First Kinetic Space Safety Workshop hosted at EPFL in May
The first Low Earth Orbit Kinetic Space Safety Workshop, organised by ClearSpace, AXA XL Insurance, LeoLabs, along with eSpace - EPFL Space Center and the EPFL International Risk Governance Center (IRGC), was held last month at the SwissTech Conference Center.
The issue of space safety due to the proliferation of space debris is a pressing one. While the rapid growth of space infrastructure has many benefits for life on Earth, decades of unsustainable practices have led to low Earth orbit – the area of space from Earth to 2,000 km altitude – being congested with traffic and debris, making new missions potentially unsafe. There are currently over one million objects larger than 1 cm orbiting the Earth, and companies are planning to launch over 60,000 satellites in the next decade.

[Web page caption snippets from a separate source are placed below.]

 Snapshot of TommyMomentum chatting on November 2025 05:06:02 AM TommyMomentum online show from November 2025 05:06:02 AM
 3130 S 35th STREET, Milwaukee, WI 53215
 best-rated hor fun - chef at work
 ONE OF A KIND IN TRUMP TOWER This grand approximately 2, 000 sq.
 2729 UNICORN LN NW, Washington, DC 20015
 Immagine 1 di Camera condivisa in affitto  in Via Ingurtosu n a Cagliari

To deal with this important problem, EPFL hosted the first Low Earth Orbit Kinetic Space Safety Workshop, organised by ClearSpace, AXA XL, LeoLabs and the Secure World Foundation, along with eSpace and IRGC. The two-day workshop brought together space actors and stakeholders from academia, companies like OneWeb, Amazon, SpaceX, Iridium, and Maxar, and governments from Europe, the United States, and Asia. Speakers included eSpace Academic Director Jean-Paul Kneib, former Director General of ESA Jan Wörner, former NASA Administrator Jim Bridenstine, Satomi Kawamoto of the Japan Aerospace Exploration Agency (JAXA), Lauri Newman of NASA, and Muriel Richard-Noca of ClearSpace, among others.

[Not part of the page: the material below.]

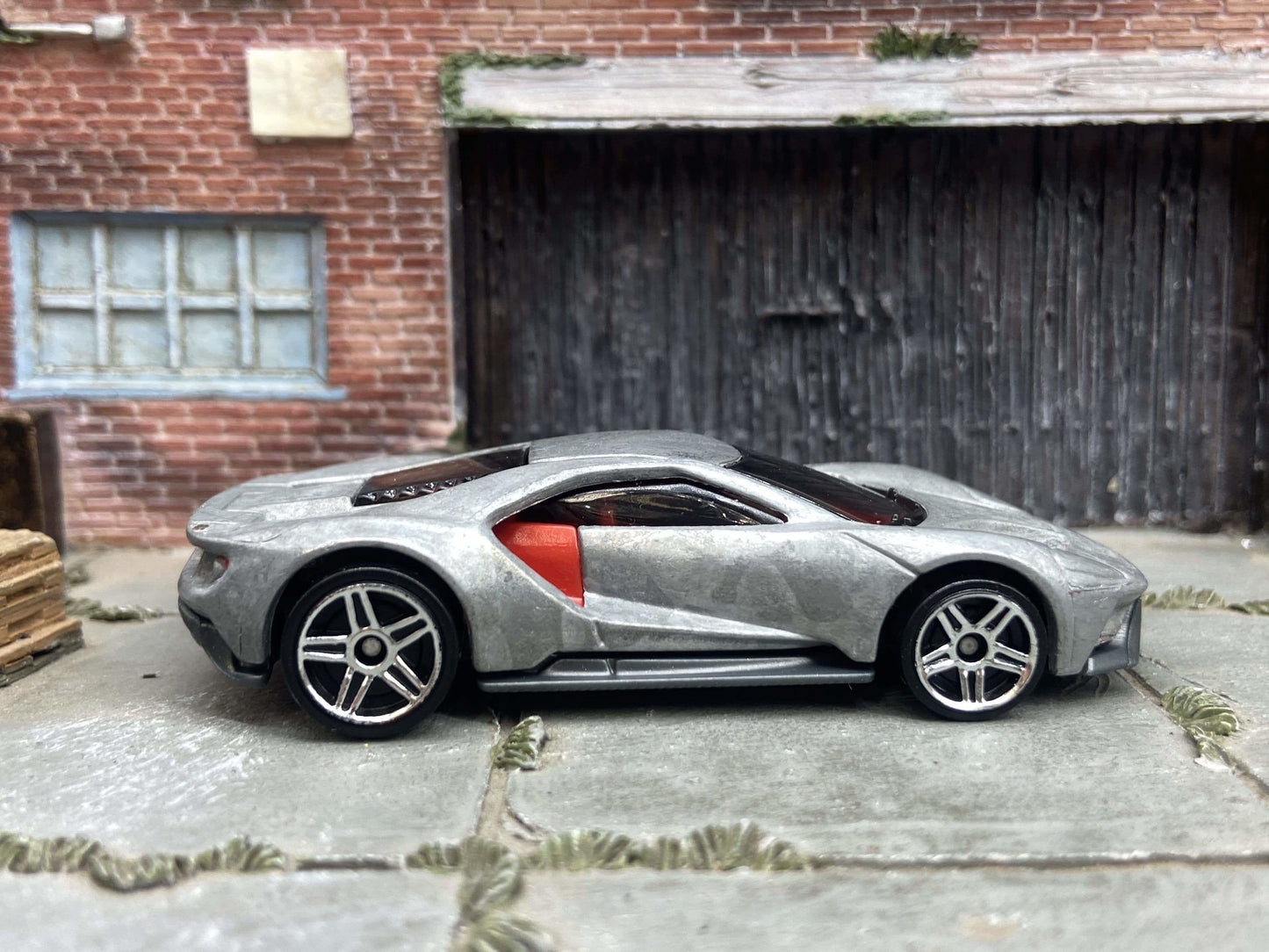 DIY Custom Hot Wheels Car Kit - 2017 Ford GT - Build Your Own Custom Hot Wheels!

“EPFL was proud to host this workshop, featuring the expertise of several teams and disciplines, all working towards building solutions to the space debris problem,” says Marie-Valentine Florin, Executive Director of IRGC.

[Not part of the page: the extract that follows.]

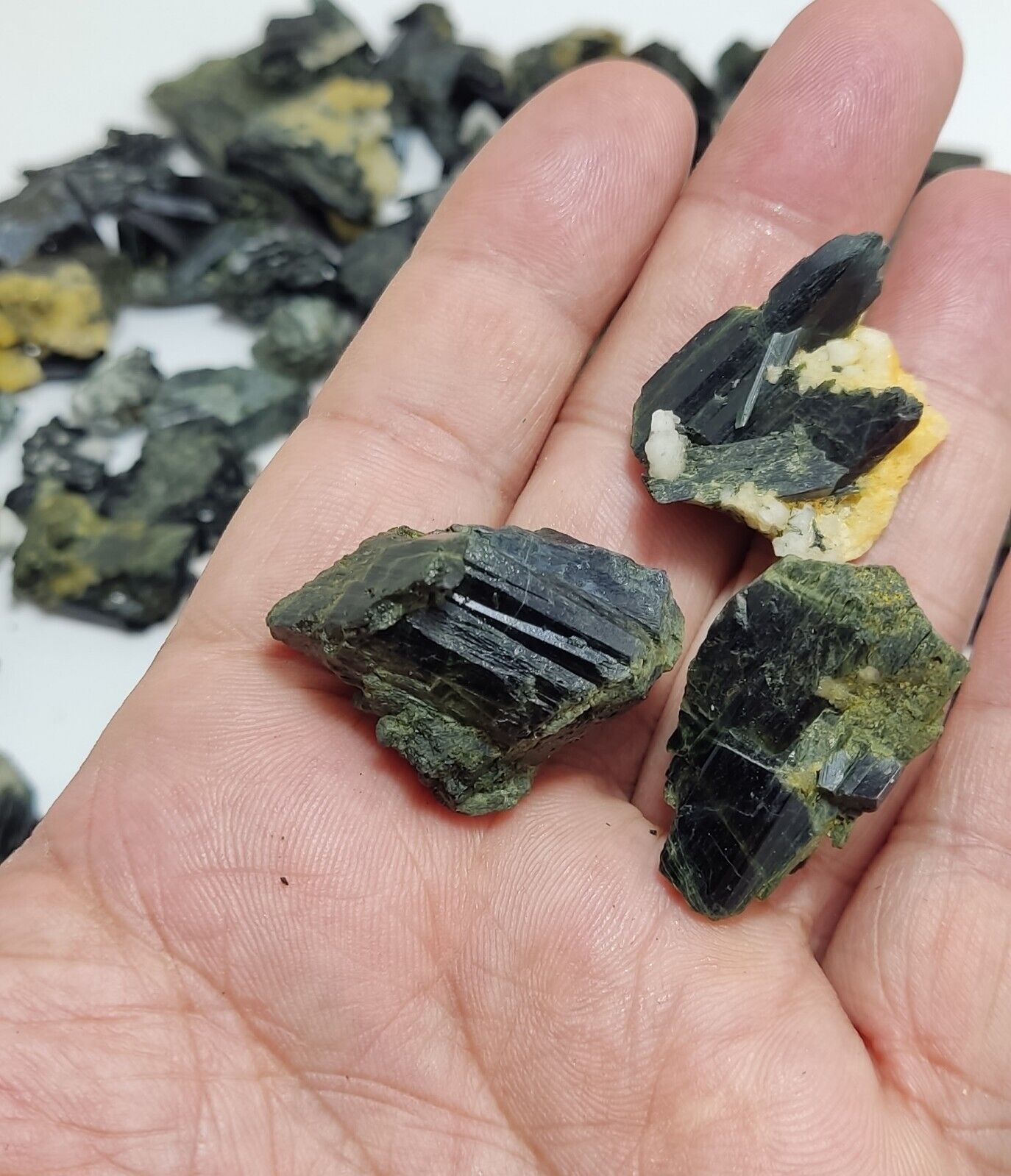 700 grams Natural aegirine crystals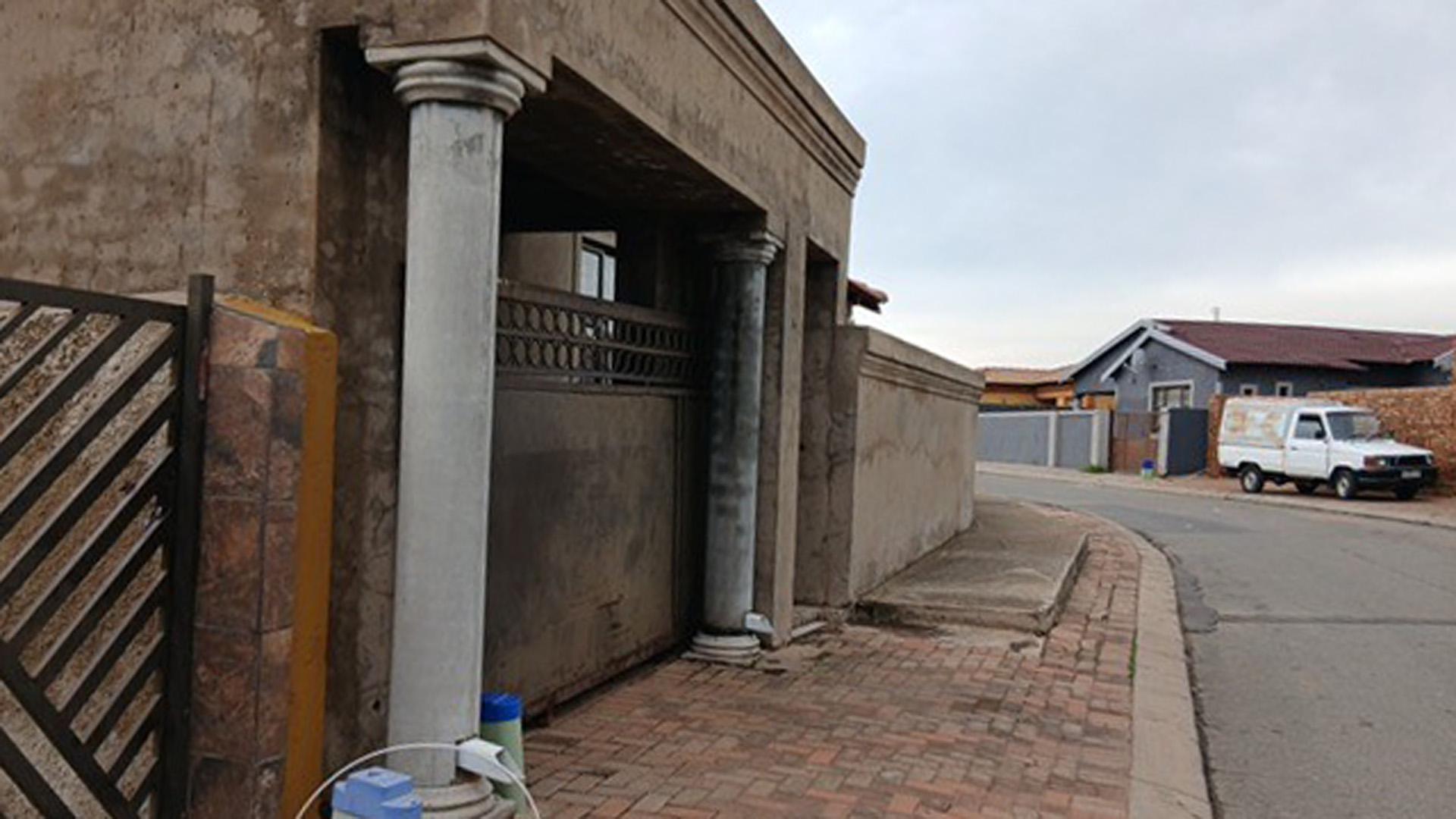 Front View of property in Kwa-Thema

The workshop was organised around four areas: impact tolerance, collision avoidance, debris prevention, and debris remediation. Of these, the first two focus on how to minimise risk in the space environment we currently have, while the second two look at what actions space actors can take to change the space environment itself, to make it a safer place to operate.
Numerous panellists highlighted the need for operators to share more data with one another. By being more open about spacecraft location, trajectory, and disclosing incidents when they happen, other operators are better able to avoid dangerous areas, and models and predictions can be done with more accuracy. It is also recognised that best practices for collision avoidance have not yet been globally adopted.
At the moment, the only binding agreements in international space law are five UN treaties that were established in the 1960s and 70s. Non-binding, internationally recognized guidelines also exist, but compliance with these is inconsistent, and existing guidelines have not kept pace with today's levels of space activity.
One such guideline to prevent debris is known as the “25-years rule,” which stipulates that satellites in LEO should re-enter the atmosphere by 25 years after their end-of-life. One of the main takeaways from the workshop was that this rule is outdated and the number of years an inactive satellite is permitted to remain in orbit can and should be reduced.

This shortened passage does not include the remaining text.